NHT

pgvector vs Dedicated Vector DB: When to Use Which

A decision guide comparing pgvector with Pinecone/Qdrant/Weaviate on cost, recall, ops and scale — with real query benchmarks and a default to start from.

Nguyen Hoang TuanNguyen Hoang Tuan22 Jun 20268 min read

The pillar of this series made a claim and then deferred the proof: start on pgvector, and graduate to a dedicated vector database only when the numbers force you to. This post is the benchmark behind that advice. The question is not "which is better" — it is "at what scale, with what team, does the second moving part start to earn its keep."

Everyone selling a vector database wants the answer to be "you need us on day one." For most backend teams it isn't.

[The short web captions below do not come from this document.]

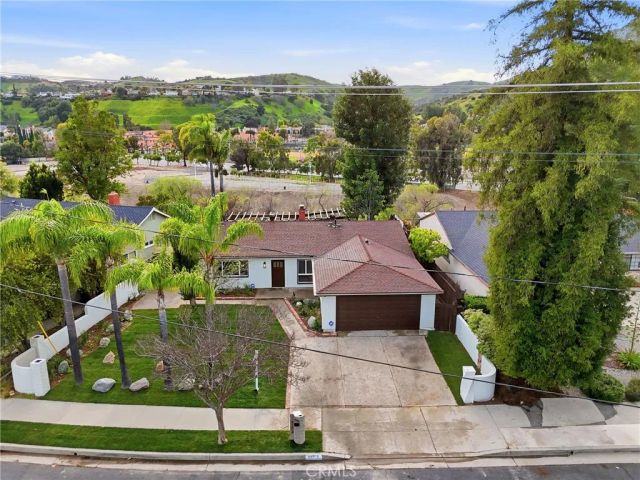 24308 Highlander Road, West Hills, CA 91307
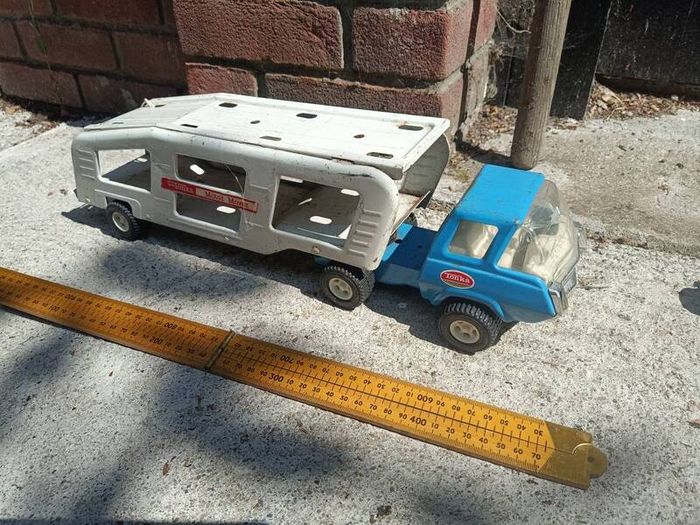 Tonka transporter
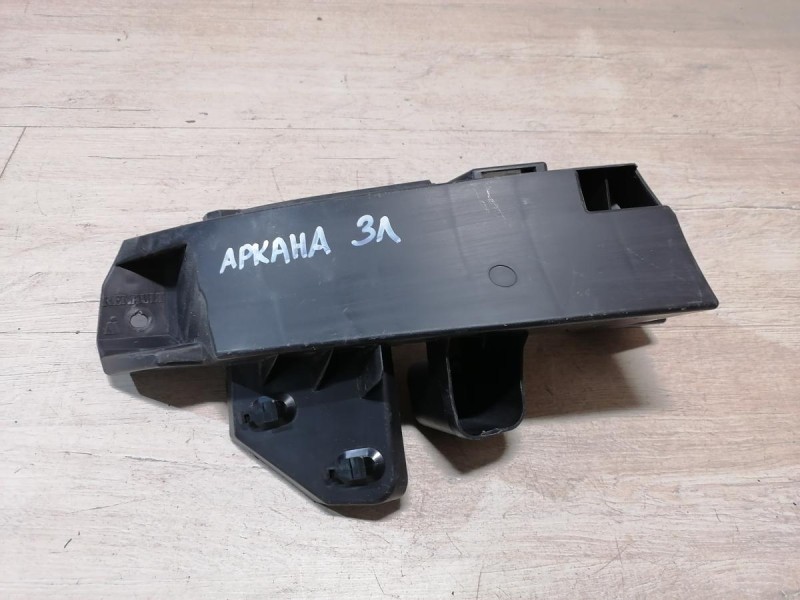 Arkana крепление заднего бампера левое под фонарь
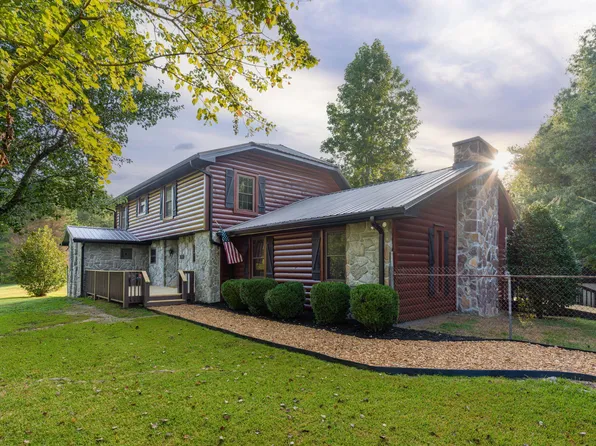 933 Halls Valley Rd, Trion, GA 30753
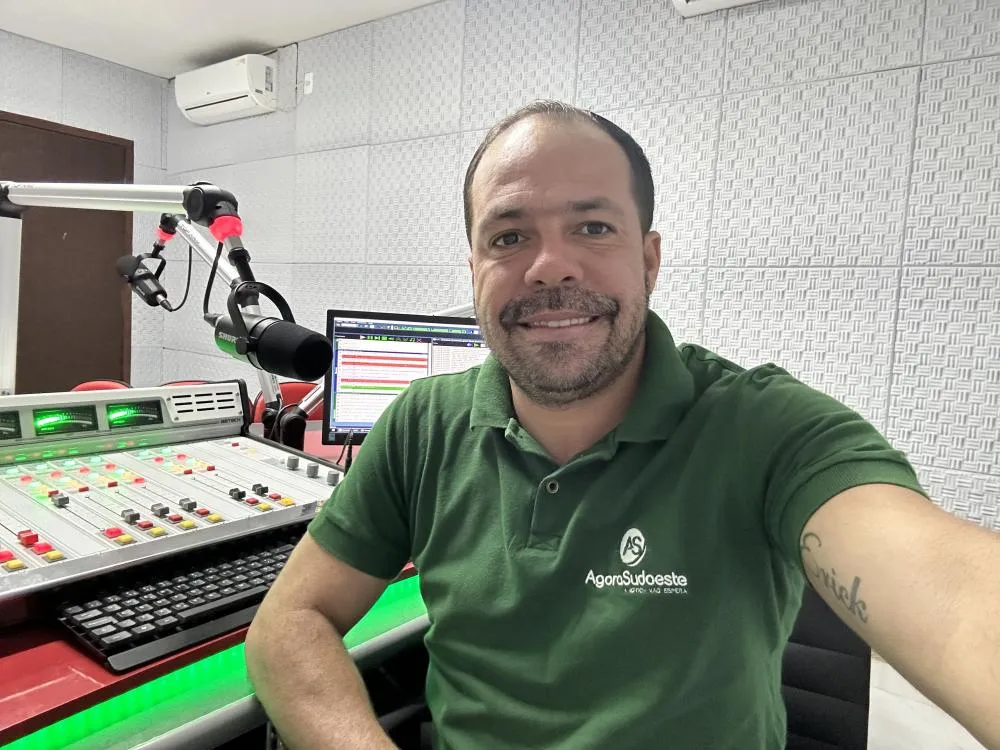 Wilker Porto celebra Dia do Rádio destacando histórias e experiências de mais de 24 anos na profissão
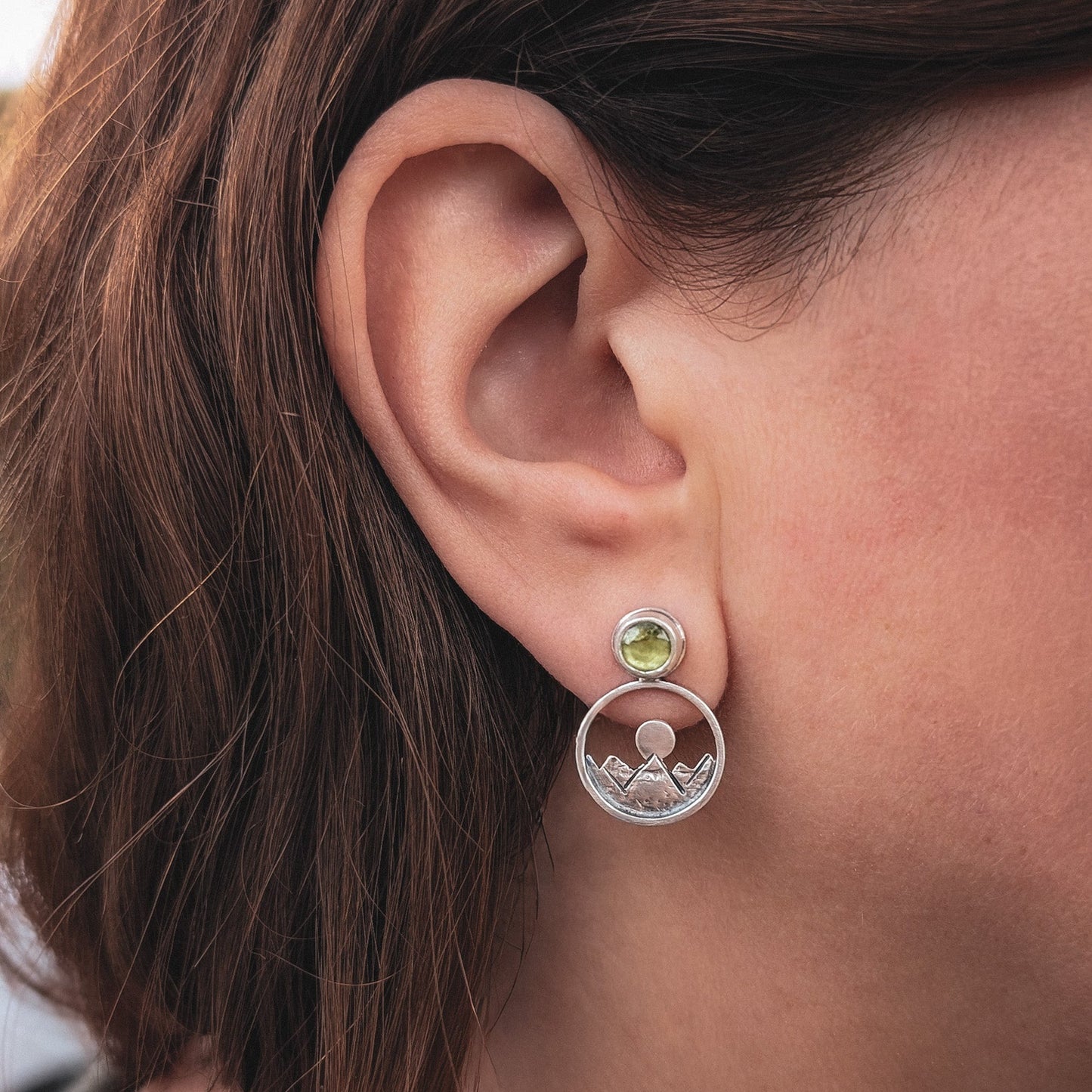 Pendientes de plata con montañas y peridotos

So let's look at what vector search actually demands from storage, what a managed vector DB gives you that Postgres doesn't, and where the crossover sits.

What "vector search" needs from a database

Strip away the marketing and a vector store does exactly three things:

  • Store a fixed-length float array per row (your embedding), ideally next to the data it describes.
  • Index those arrays so nearest-neighbour queries don't scan the whole table.
  • Query for the top-k rows closest to a query vector under some distance metric (cosine, L2, inner product).

That's it. The hard part is the index: an exact nearest-neighbour search is O(n) per query, which is fine at 10k rows and unusable at 10M. Every serious vector store — pgvector included — solves this with an approximate index (ANN) that trades a little recall for a lot of speed. The two parameters you actually care about are recall (did I get the truly-nearest neighbours, or close-enough ones?) and p95 latency (how slow is the slow query?). Hold those two fixed and most of the "which database" debate collapses into ops and cost.

pgvector: one less moving part

If you already run Postgres — and if you've followed this blog's full-text address autocomplete work, you do — adding vector search is one extension and one column. No new service to deploy, secure, back up, or keep in sync.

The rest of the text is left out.